When is a landscape plan required?

A landscape plan is required for all new construction of a primary structure. A landscape plan is also required for any addition, expansion or intensification of a property that increases the floor area by 50% or more, increases the number of parking stalls required by 50% or more, or modifies any required landscaping by 50% or more (single- and two-family uses are except from this provision).

What is needed for landscape plan approval?

The requirements of a landscape plan and issuance of a Certificate of Occupancy for new construction have been updated significantly, please carefully review the updated requirements prior to submittal of a landscape plan.

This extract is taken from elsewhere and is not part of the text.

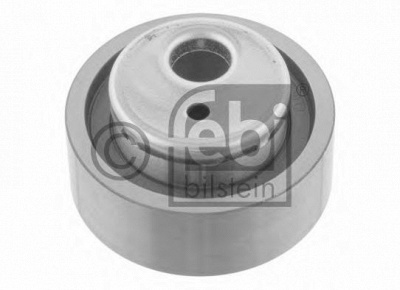FEBI 04880 -  Ролик натяжителя ремня ГРМ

Listed below are the Contents of a Complete Landscape Plan.

Planting Plan

  • A signature by a Landscape Architect licensed with the State of Utah, or an USEPA WaterSense certified professional verifying planting plan compliance with the standards of this chapter.
  • Property lines, easements, and street names.
  • Location and dimensions of existing and proposed structures, parking lots, drive aisles, and fencing.
  • Location of existing and proposed sidewalks, bicycle paths, ground signs, refuse disposal, freestanding electrical equipment, and all other structures.
  • The location of existing buildings, structures, and trees on adjacent property within 20 feet of the site.
  • The location, size, and common names of all existing trees.
  • Sight distance triangles at curb cuts or corners, as defined and illustrated in Chapter 21A.62.
  • Root Zone Protection Plan required when construction work will occur near a street tree or other protected tree and is subject to approval from the Urban Forestry Division.
  • Minimum tree soil standards set by the Salt Lake City Urban Forestry Division.
  • The location, quantity, size at maturity, and name (botanical and common) of proposed plants and trees.

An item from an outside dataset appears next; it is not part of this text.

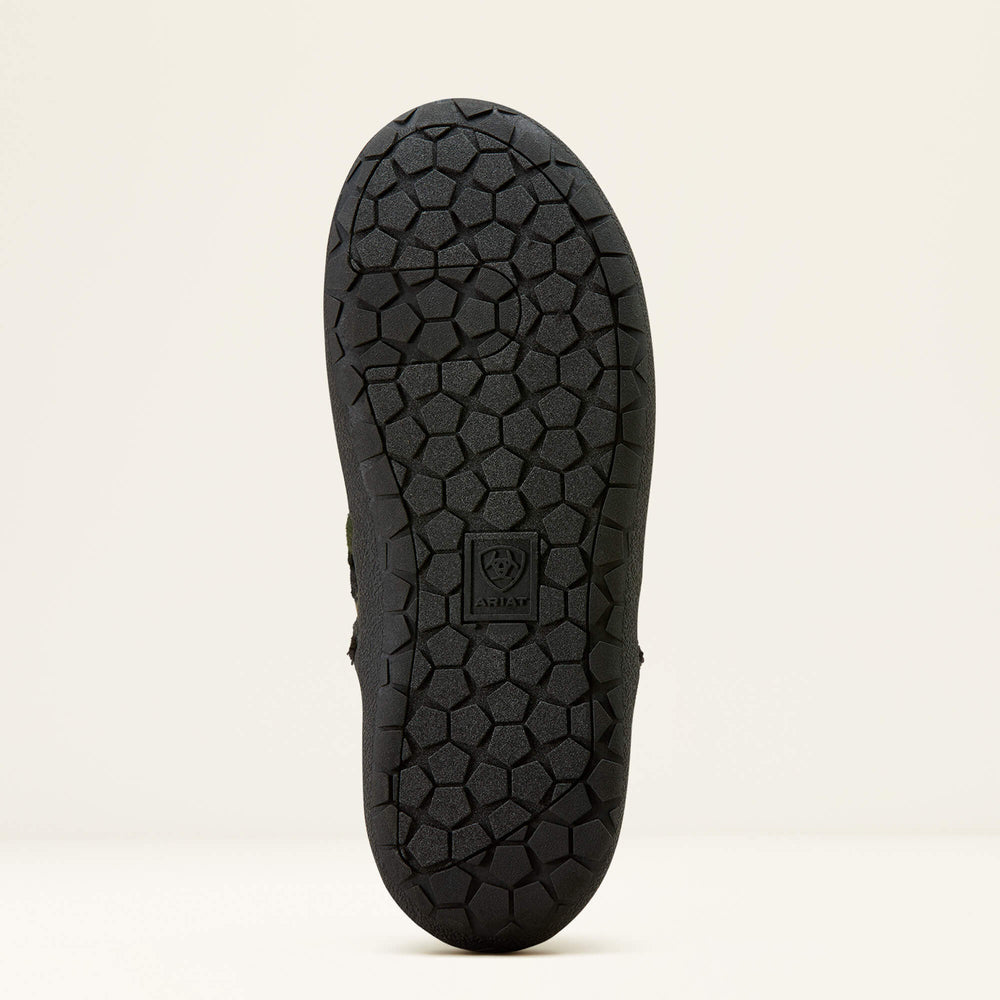 Ariat Restful Comfort Scuff Slipper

Summary table that specifies the following for each landscaping location separately:

  • Area and percentage of each required landscape location.
  • Area and percentage of each landscape location covered in turf grasses, impervious surfaces.
  • Area and percentage of each landscape location covered in adapted or native plant species and adapted or native trees at maturity.

Grading Plan

  • Property lines, street names, existing and proposed structures, turf areas, and paved area.
  • Existing and proposed grading of the site indicating contours at 2-foot intervals.
  • Any proposed berming shall be indicated using 1-foot contour intervals.
  • Delineate and label areas with a grade greater than 25% (4 feet Horizonal: 1 foot Vertical).

Irrigation Plan

  • A signature by a Landscape Architect licensed with the State of Utah, or an USEPA WaterSense certified professional verifying irrigation plan compliance with the standards of this chapter.
  • Layout of the irrigation system and a legend summarizing the type and size of all components of the system.
  • Delineate and label each hydrozone in accordance with the Salt Lake City Plant List and Hydrozone Schedule.
  • Location and coverage of individual sprinkler heads.
  • Use of a water efficient irrigation system.
  • Type of US-EPA WaterSense automatic controller.

Separate plans from the irrigation plan are required for:

  • Backflow Prevention Plan.
  • Water Feature Recirculating Plan, if applicable.

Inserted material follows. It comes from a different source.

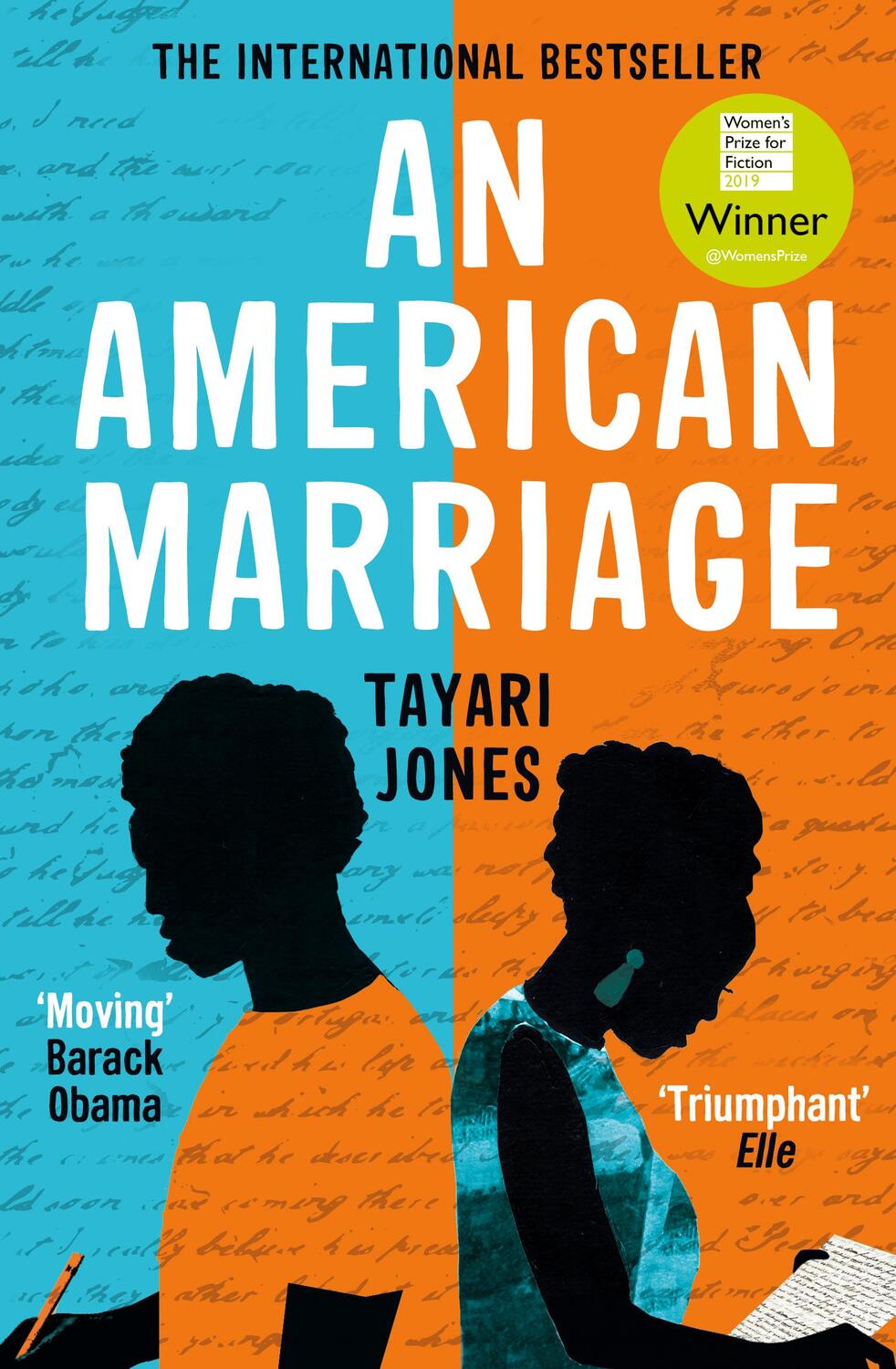 Cover: 9781786075192 | An American Marriage | Tayari Jones | Taschenbuch | 320 S. | Englisch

Prior to the issuance of a Certificate of Occupancy, a letter of compliance must be submitted to the city when the landscape plan installation is complete. This letter of compliance must be signed by a landscape architect licensed with the State of Utah, or a US-EPA WaterSense certified professional verifying that the landscape plan was installed as it was approved in accordance with the approved building permit.